▶ DATA EXCERPT:

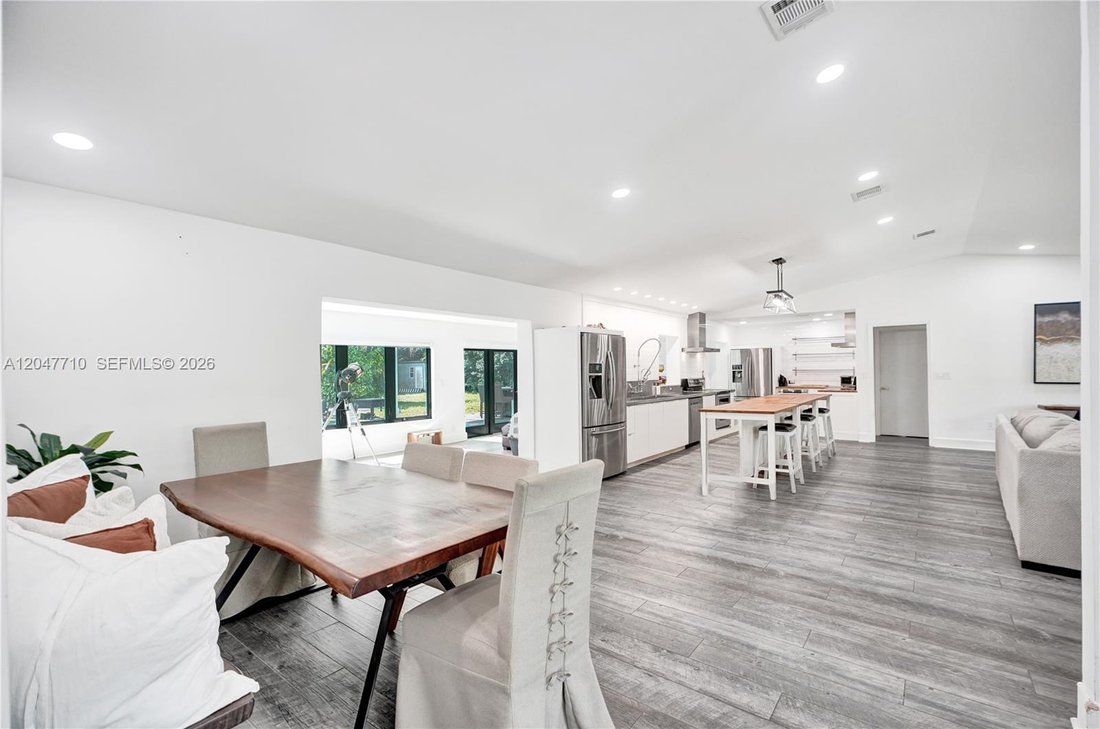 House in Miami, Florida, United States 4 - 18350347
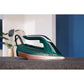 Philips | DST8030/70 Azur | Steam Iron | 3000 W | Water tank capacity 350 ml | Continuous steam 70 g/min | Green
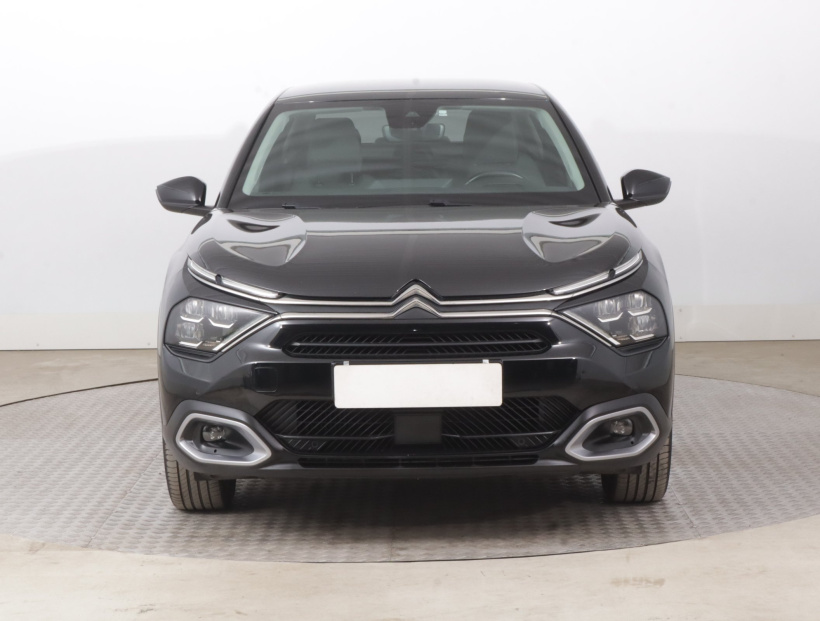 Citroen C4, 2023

▶ TASK DESCRIPTION:
The answer must be the full listing, word for word, with no images in it.

▶ RESPONSE TO THIS EXERCISE:
 House in Miami, Florida, United States 4 - 18350347
 Philips | DST8030/70 Azur | Steam Iron | 3000 W | Water tank capacity 350 ml | Continuous steam 70 g/min | Green
 Citroen C4, 2023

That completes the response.